A Reed-Solomon decoder attempts to create an estimate of the transmitted data values from the demodulated version of the received waveform. In general, a RS decoder can correct any combination of errors and erasures as long as the number of erasures plus twice the number of remaining errors (after erasure) is less than n − k. A polynomial corresponding to the received codeword r(x) can be represented as u(x) + e(x) where u(x) is the original transmission and e(x) is the added error. For errors-and-erasures RS decoders, the determination of e(x) takes place in two separate steps. Initially, in the erasure generator, sampled data symbols are compared against prespecified error thresholds using Baysian decision theory [4] [5] . The erasure threshold then generates a one-bit erasure flag per symbol to indicate to the subsequent component decoder if the symbol should be ignored. The component decoder determines the error vector e(x) from the received symbols u(x) and the erasure flags and adds the vector to the received symbols. Figure 2 shows the functional blocks needed to implement an errors-and-erasures (e-and-E) RS decoder [10] . This system contains two distinct parts, an erasure generator and a component decoder. The erasure generator consists of six primary blocks. The divide unit determines the ratio of the noise standard deviation and channel fading. The two estimation units determine the most likely and second most likely symbols that were transmitted based on received channel bits and the difference unit evaluates the difference between the two. The channel threshold unit evaluates current noise and fading versus the preset threshold. Ultimately, the decider block uses the difference and channel threshold unit output to determine the symbol erasure flag.

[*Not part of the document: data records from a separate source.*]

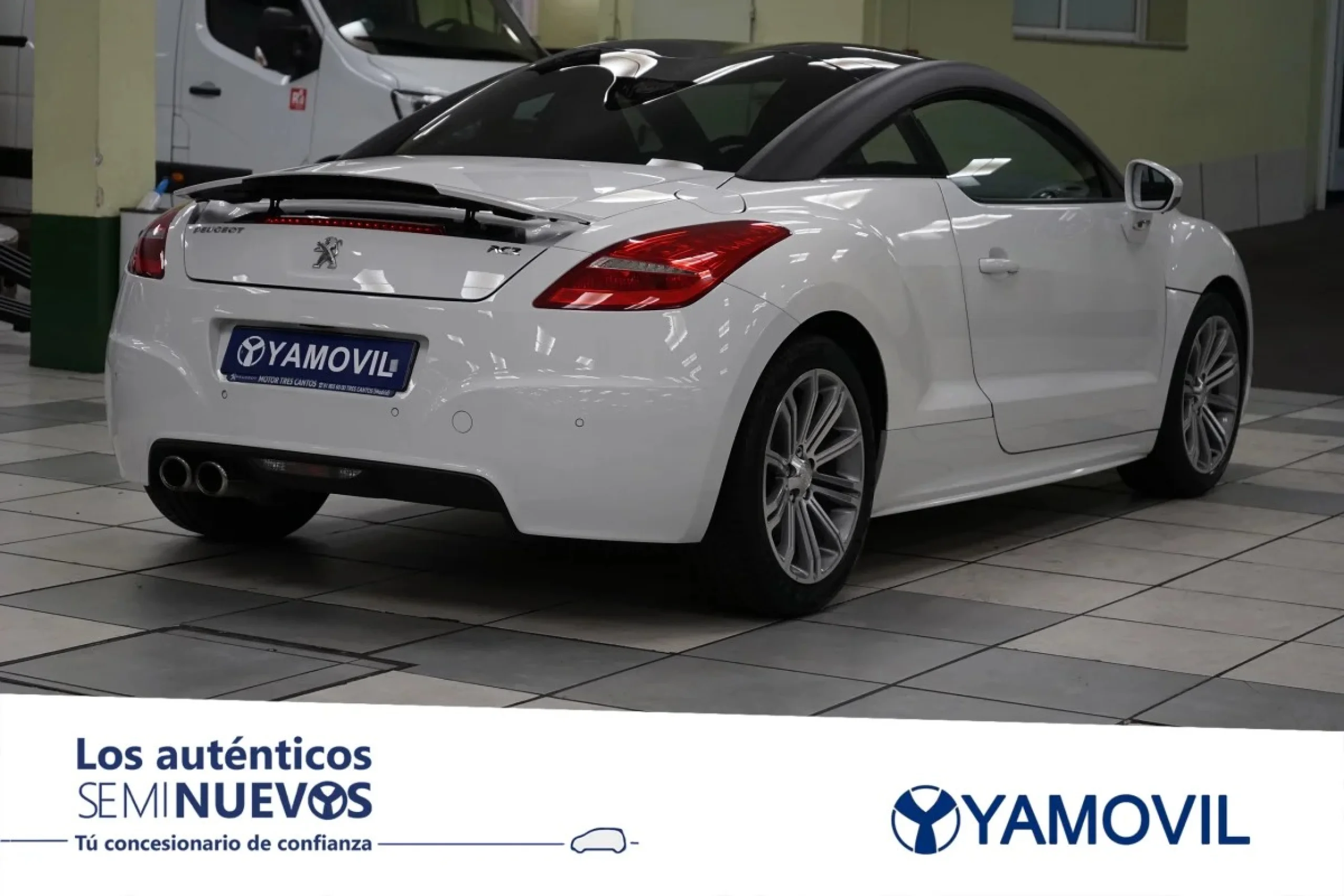 Peugeot RCZ 1.6 THP 115 kW (156 CV) - Foto 4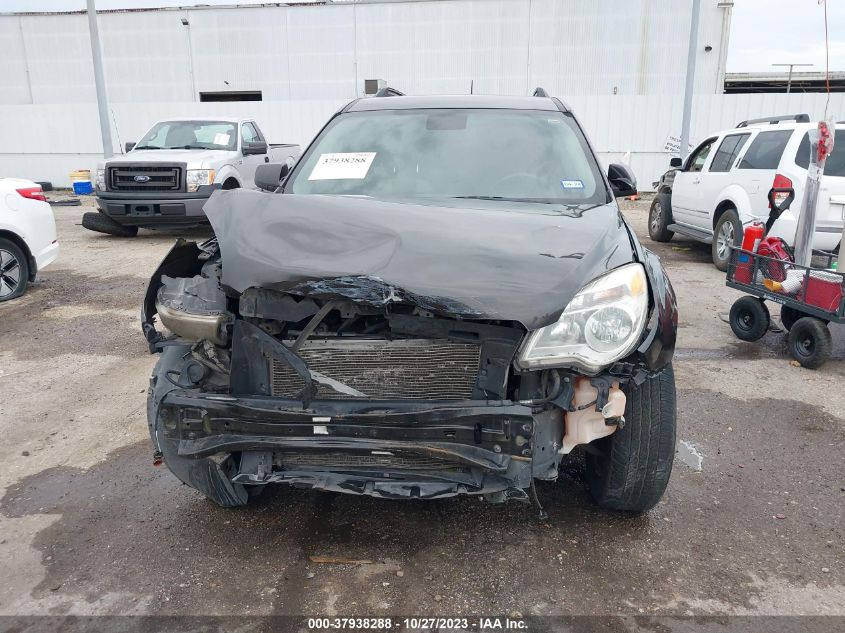 2013 CHEVROLET EQUINOX LT - 2GNALDEK5D6184238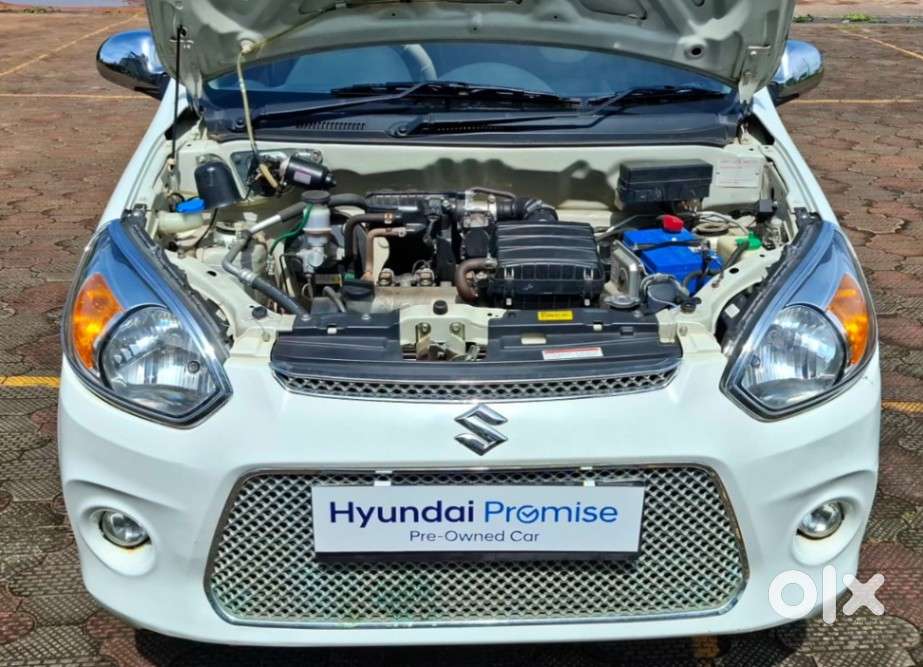 Maruti Suzuki Alto 800 Lxi, 2017, Petrol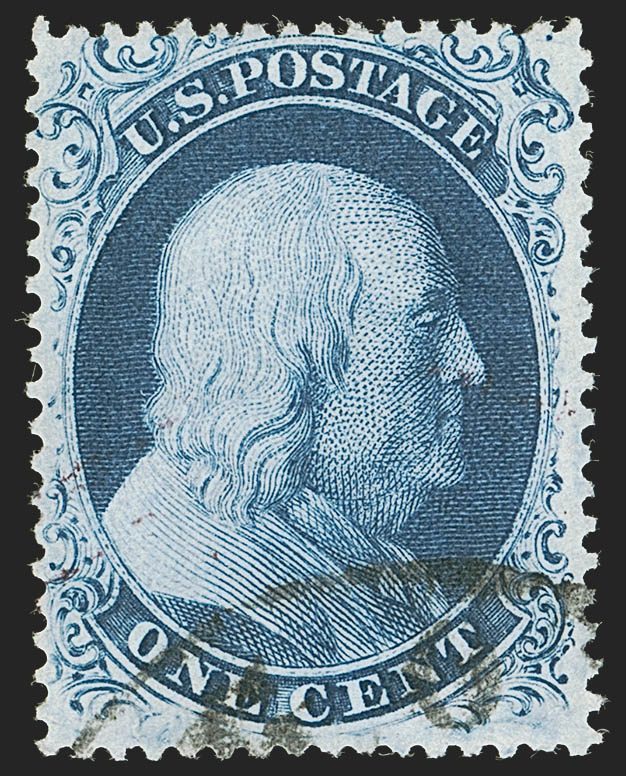 Sale no. 1255 — Lot no. 267 — Siegel Auction Galleries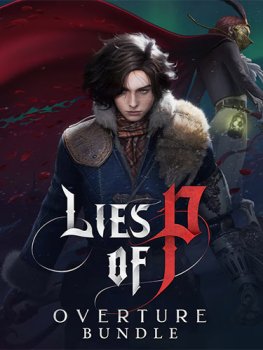 Lies of P (2023) RePack от HardwareMining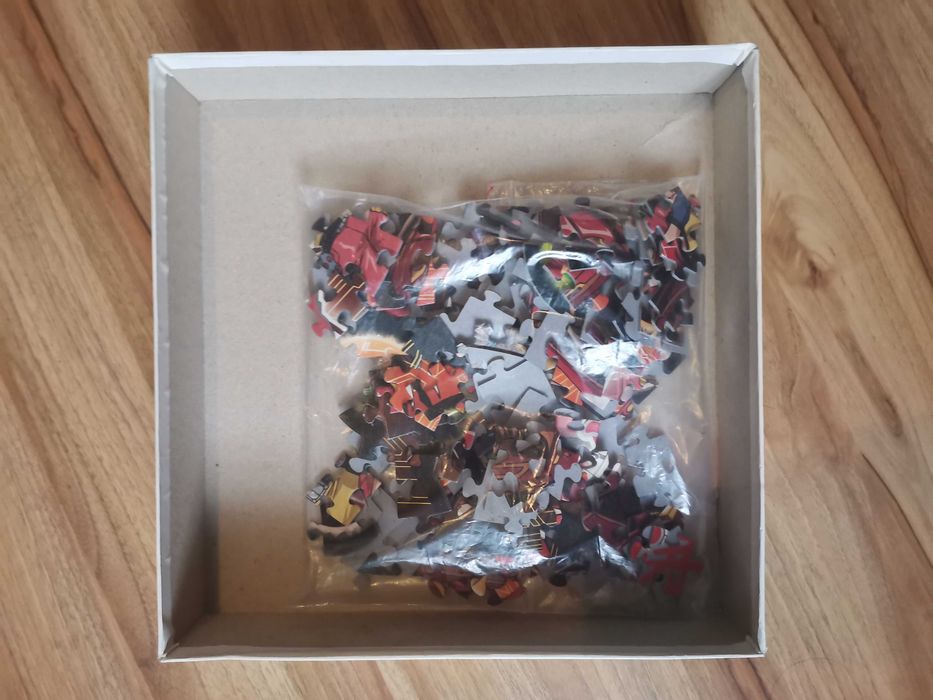 Puzzle bakugan 150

Errors-and-erasures Decoder Architecture
As shown at the right in Figure 2 , the determination of corrected codewords is performed in a sequence of eight subtasks [10] . The syndrome generation block determines if symbols are in error via GF operations and generates reliability output (a syndrome polynomial). The erasure location extraction block keeps track of which symbols have been flagged as erasures and the syndrome expansion block combines this information with the syndrome polyno- mial. The erasure locations are represented in a form which can be used to determine error locations by the erasure location polynomial generator. The key polynomial generation block uses the syndrome polynomial to assist in determining the codeword location of the transmission errors and their associated magnitudes. The most common algorithm used to determine these values is the Modified Euclid Algorithm (MEA) [10] . The errata magnitude and error location units identify the specific erroneous symbols in the codeword and determine if the decoder will be unable to recover from the errors. The error magnitude vector to be added to the codeword is determined by the Forney Algorithm and error correction block, which adds the error vector e(x) to the received codeword r(x) to form the corrected codeword. It will be shown in Section 3 that when multiple erasure generators and component decoders are used per e-and-E decoder, many of these blocks can be shared without the need for replication.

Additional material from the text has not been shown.